That's the exact problem we're all having


----------



## bobcaruso (Sep 13, 2011)

bouchigo said:


> I don't get errors, just warnings. But I don't want to mess with this phone too much since it's my fiancee's phone. If it was mine, well...
> 
> 
> 
> ...


These warnings are of no issue, they all address default translation, not a problem


----------



## Snow02 (Jun 14, 2011)

Post your stock framework res and tw framework files. I'll take a look.


----------



## bouchigo (Jun 9, 2011)

bobcaruso said:


> These warnings are of no issue, they all address default translation, not a problem


Yeah, I figured they wouldn't cause a problem; in the past I think I've run into this before and it didn't cause any issues.


----------



## bobcaruso (Sep 13, 2011)

bouchigo said:


> Yeah, I figured they wouldn't cause a problem; in the past I think I've run into this before and it didn't cause any issues.


It's a code issue, not a compile issue, the coders did not assign language defaults for those texts


----------



## bouchigo (Jun 9, 2011)

bobcaruso said:


> It's a code issue, not a compile issue, the coders did not assign language defaults for those texts


Yeah, it makes sense now.

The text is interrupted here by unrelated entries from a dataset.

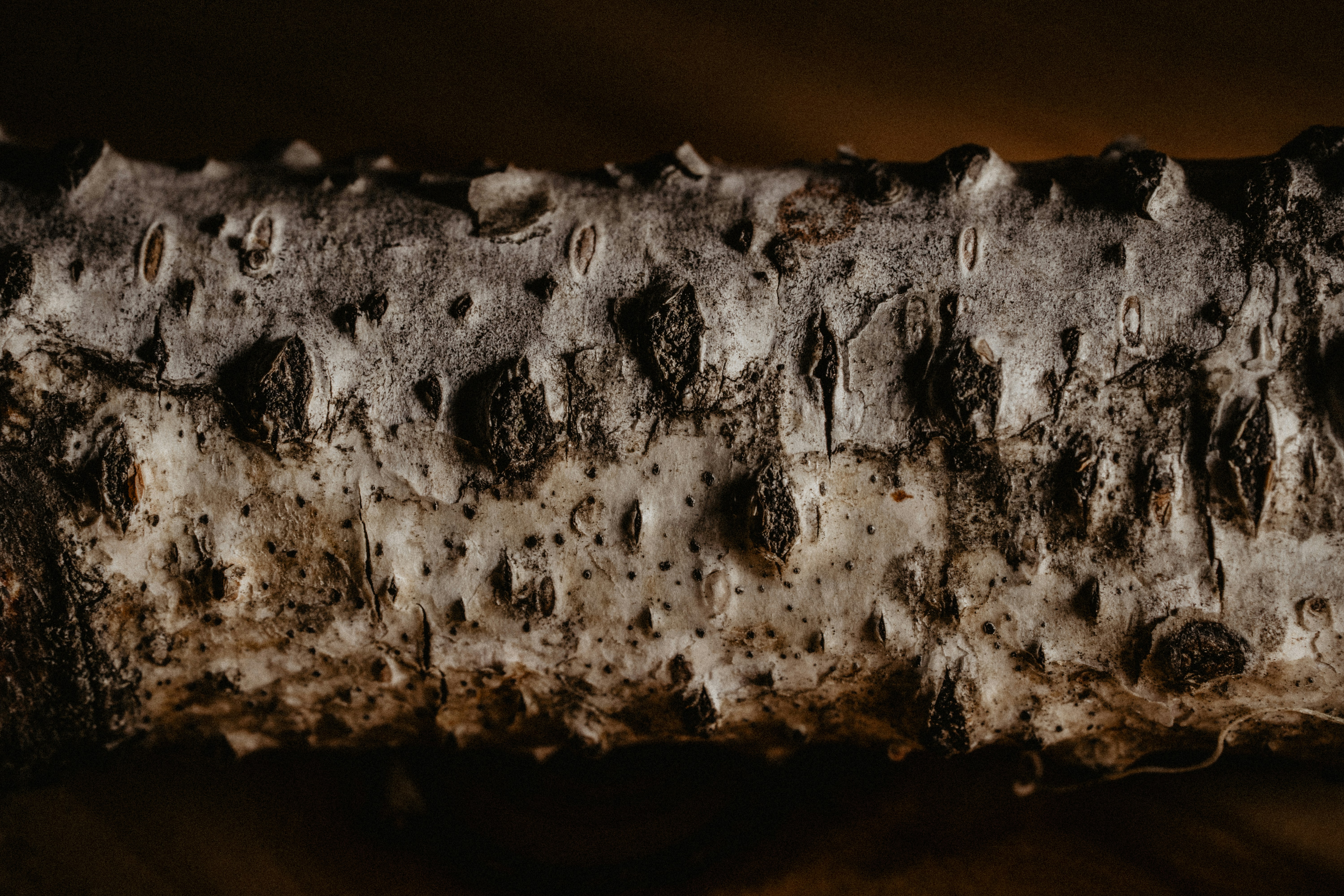 Corroded pipe to illustrate the effects of salt and humidity - plumbing repair fort myers beach fl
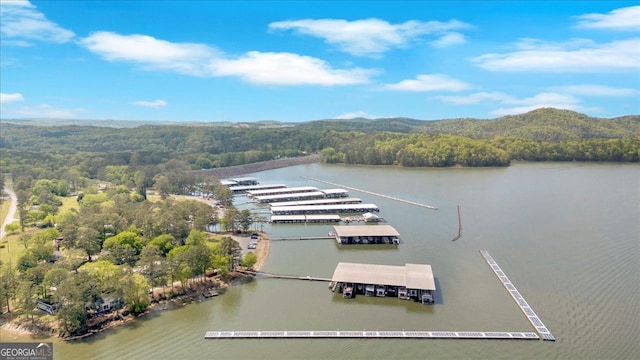 drone / aerial view of a heavily wooded area and a nearby body of water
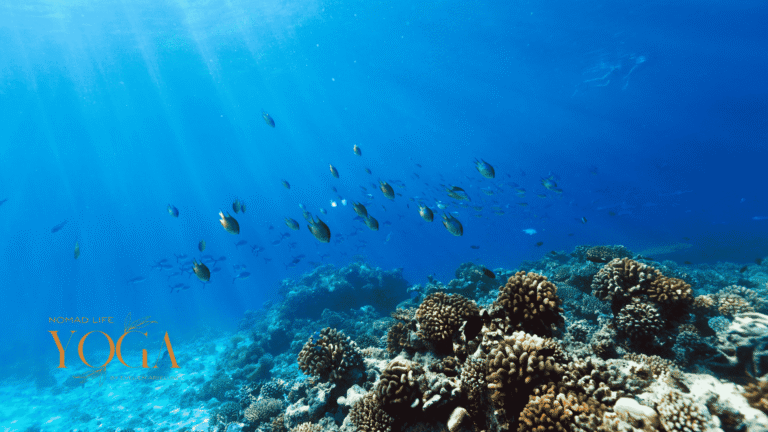 Manifest – Stilte en Koraal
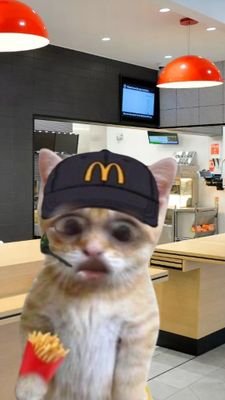 alexand18344963's profile picture. 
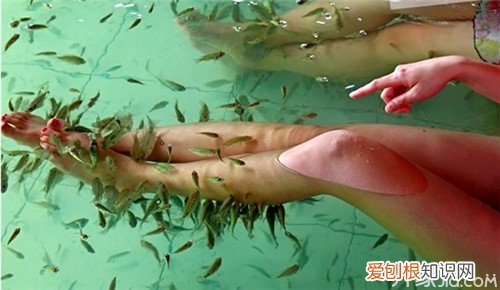 温泉鱼是什么鱼温泉鱼多少钱一条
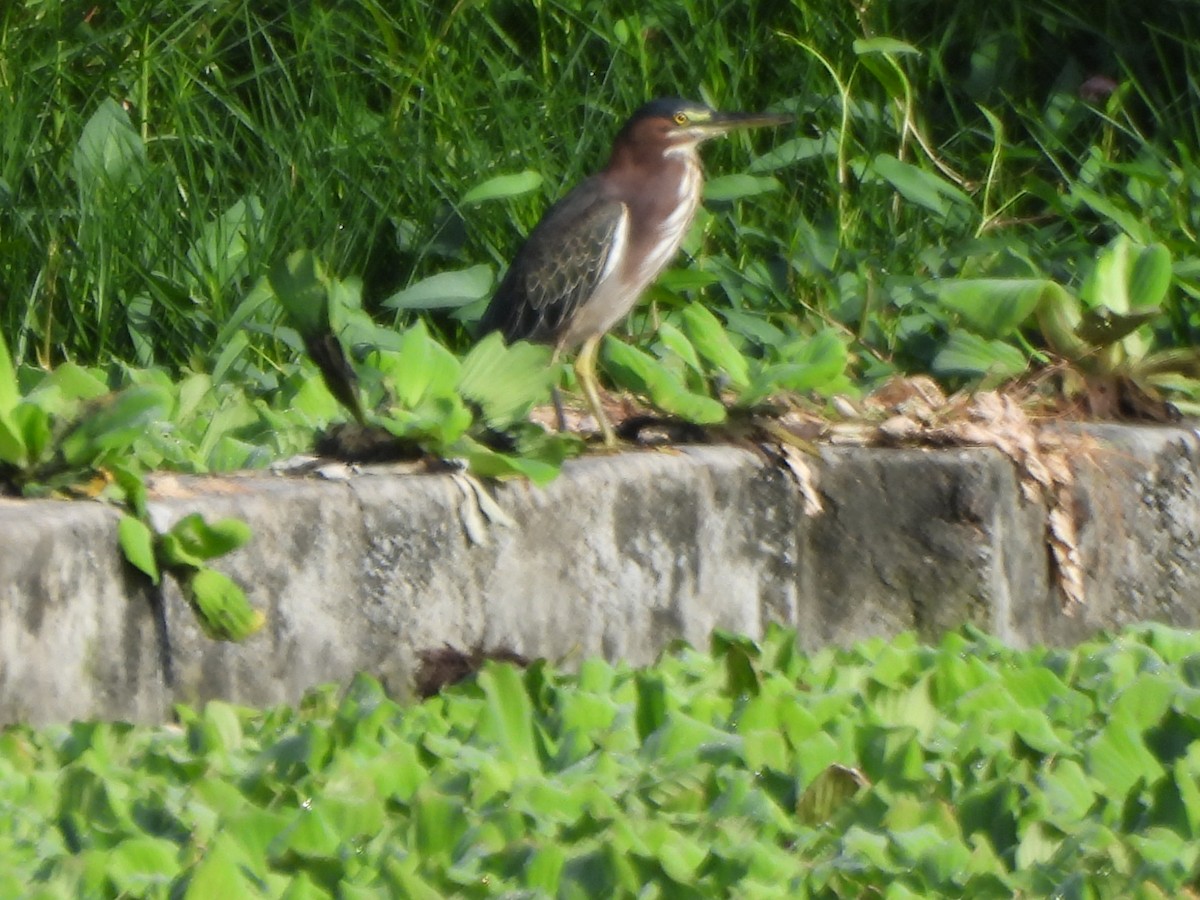 grønnrygghegre - ML647627973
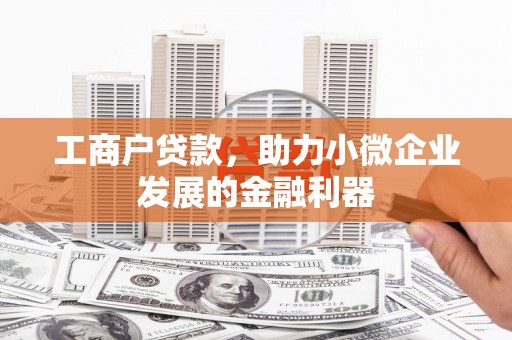 五指山工商户贷款，助力小微企业发展的金融利器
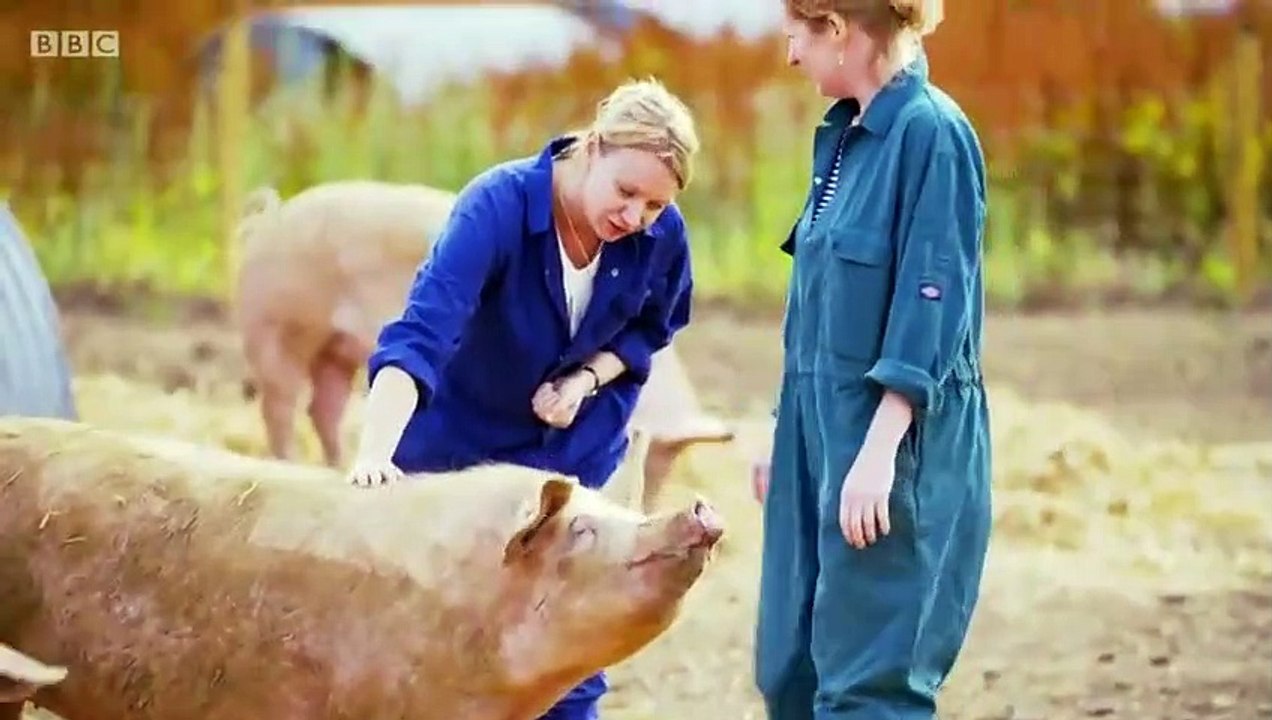 Secret Life of Farm Animals - Se1 - Ep03 - Pigs HD Watch HD Deutsch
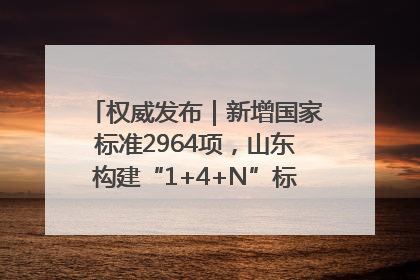 权威发布｜新增国家标准2964项，山东构建“1+4+N”标准化创新发展新格局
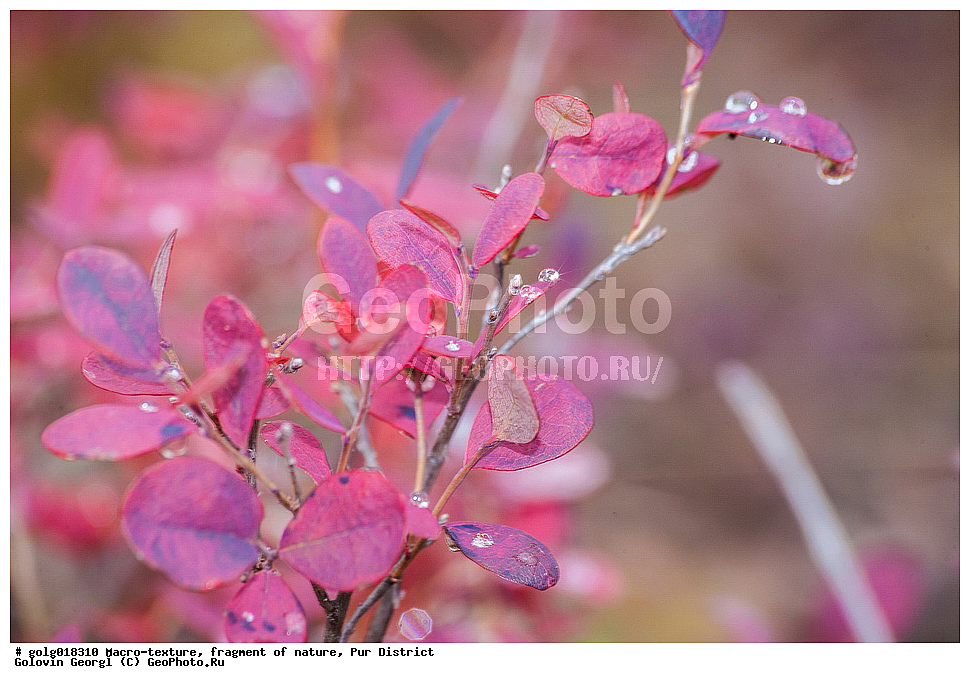 �����-�������, ��������, �������, ��������� �����, ������, ��������, �����, �������, ��������, ��������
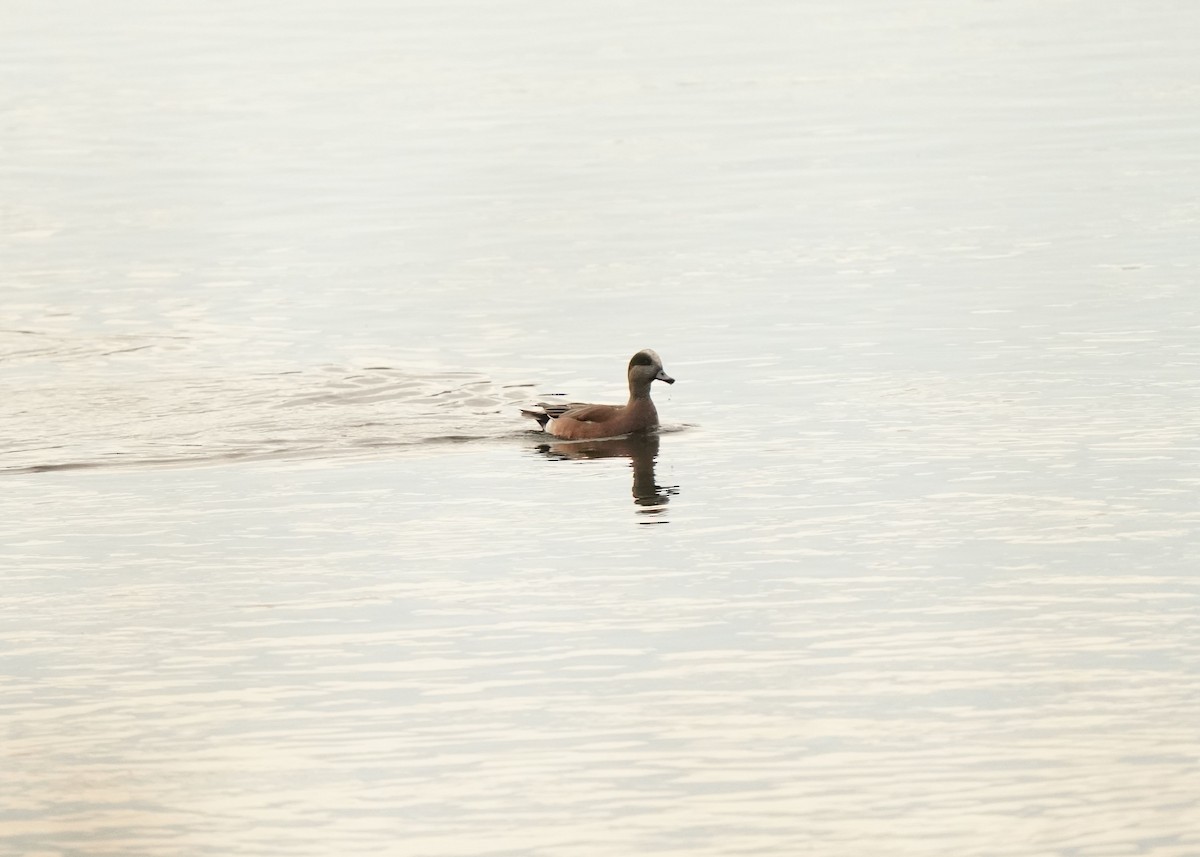 Fischione americano - ML645365805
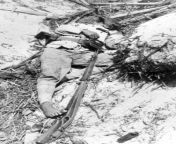 Japanese soldier who committed hari-kari on west beach of Tarawa. November 1943. from jajan psk di siang hari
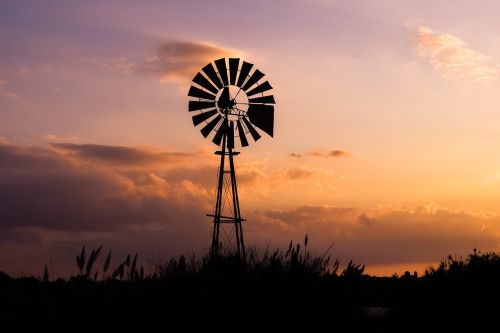 windmill sunset reeds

I think I've run into this before when compiling the old Market.

If you guys want, you can use these (apktool.jar, apktool.bat, aapt.exe):

MD5: 54903ac0c1ca670680cdf00b4bfc0c84
http://www.mediafire...qq79g6pac9b9jdd

It's what I'm using, and it's working for me. You may get some "plurals" errors when compiling, about 2-3 of them (maybe more), but you can easily fix them by adding the % at line 79.


----------



## preusstang (May 8, 2012)

@bobcaruso, so have you found a work around?

@bouchigo, I'll try your setup soon.

@snow02, I'll upload them and post a link if I don't get this resolved.


----------



## bobcaruso (Sep 13, 2011)

preusstang said:


> @bobcaruso, so have you found a work around?


Beans found it, need the new sdk & this jar
http://forum.xda-developers.com/showthread.php?t=1427959


----------